### Extracted data:
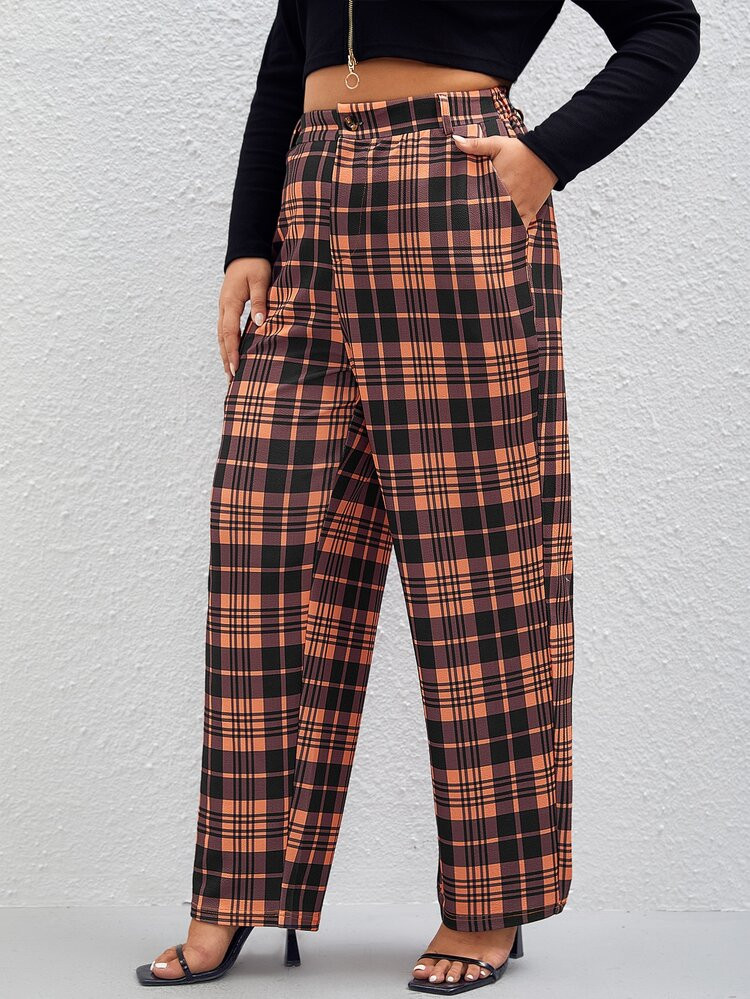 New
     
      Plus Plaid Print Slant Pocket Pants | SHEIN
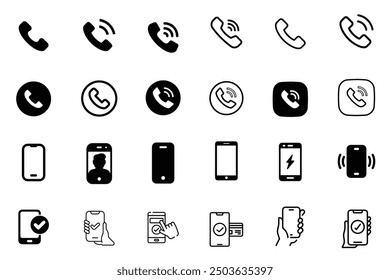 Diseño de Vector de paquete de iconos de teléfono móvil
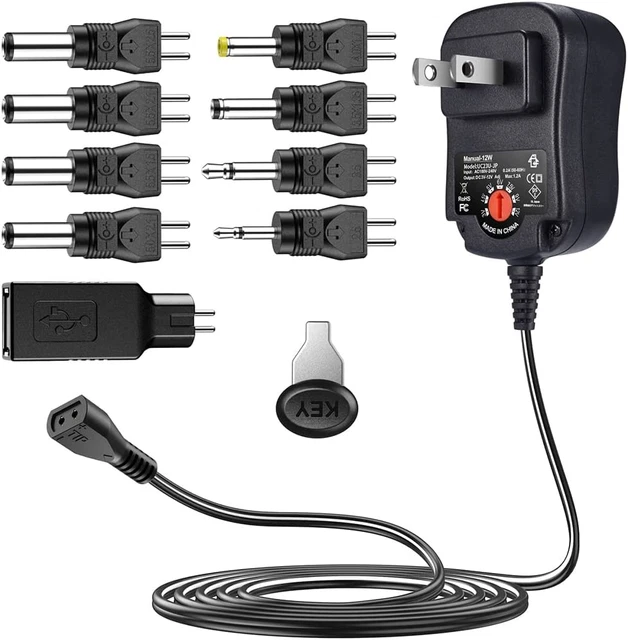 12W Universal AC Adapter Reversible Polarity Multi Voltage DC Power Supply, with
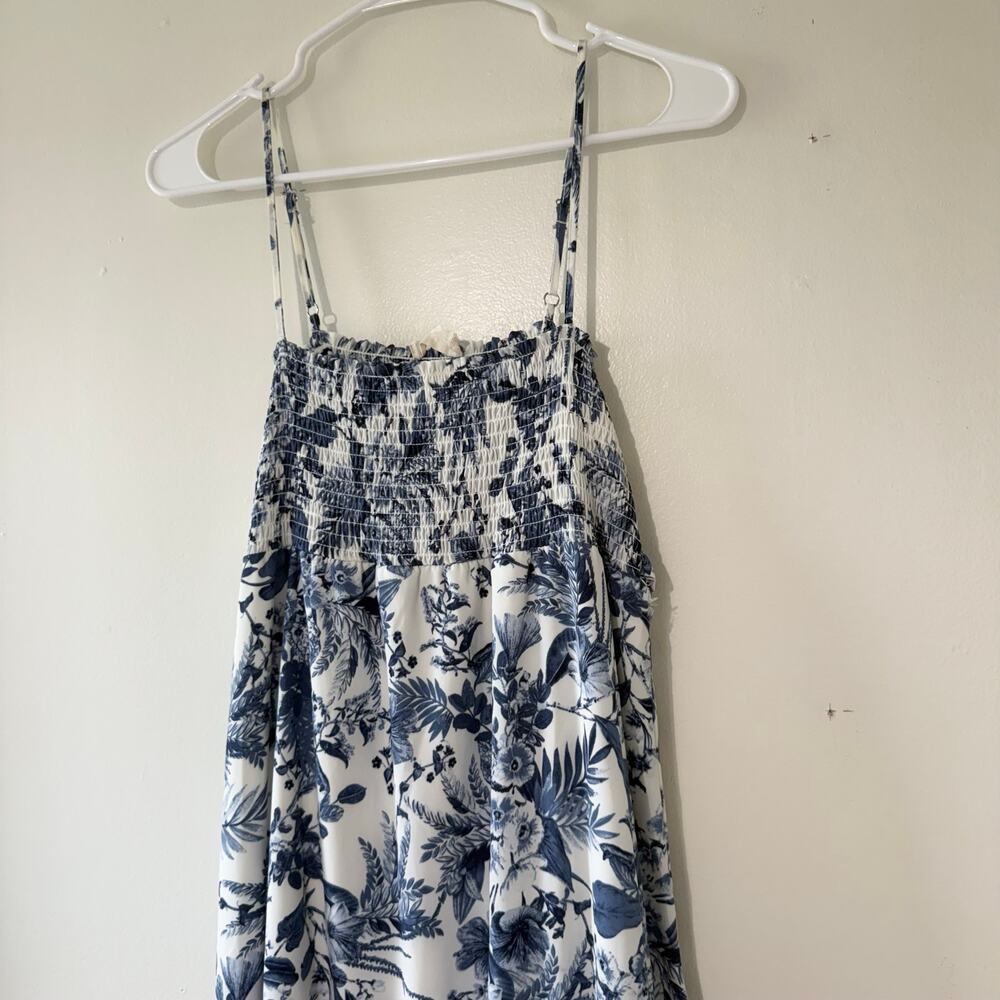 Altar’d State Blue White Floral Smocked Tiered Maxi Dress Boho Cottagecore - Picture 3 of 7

---

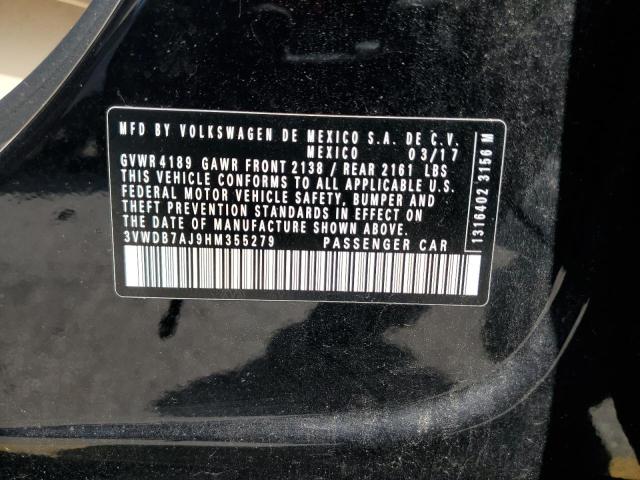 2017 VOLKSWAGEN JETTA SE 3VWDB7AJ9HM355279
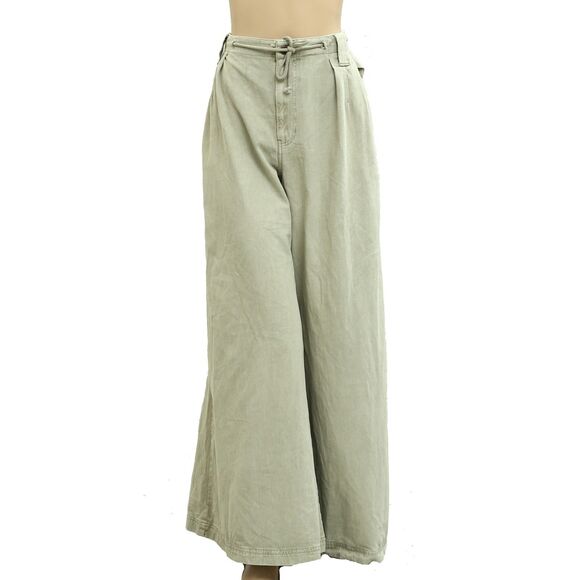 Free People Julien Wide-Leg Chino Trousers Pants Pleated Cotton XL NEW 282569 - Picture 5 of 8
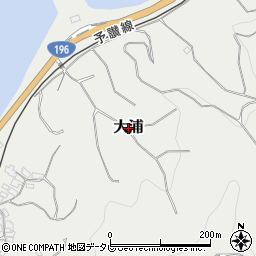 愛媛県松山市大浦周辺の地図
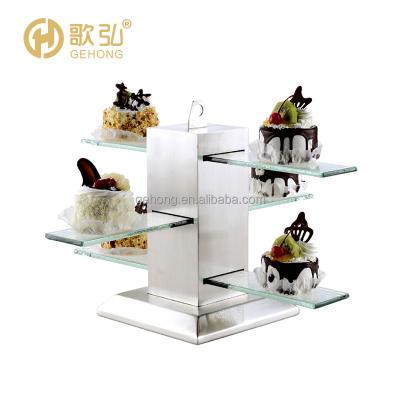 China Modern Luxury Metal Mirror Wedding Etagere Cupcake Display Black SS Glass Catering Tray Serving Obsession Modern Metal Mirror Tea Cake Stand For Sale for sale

### Problem statement:
In the data above, find the line containing "2017 VOLKSWAGEN JETTA SE 3VWDB7AJ9HM355279" and the line containing "愛媛県松山市大浦周辺の地図". Repeat those two lines and everything between them exactly, minus the pictures.

### Response:
 2017 VOLKSWAGEN JETTA SE 3VWDB7AJ9HM355279
 Free People Julien Wide-Leg Chino Trousers Pants Pleated Cotton XL NEW 282569 - Picture 5 of 8
 愛媛県松山市大浦周辺の地図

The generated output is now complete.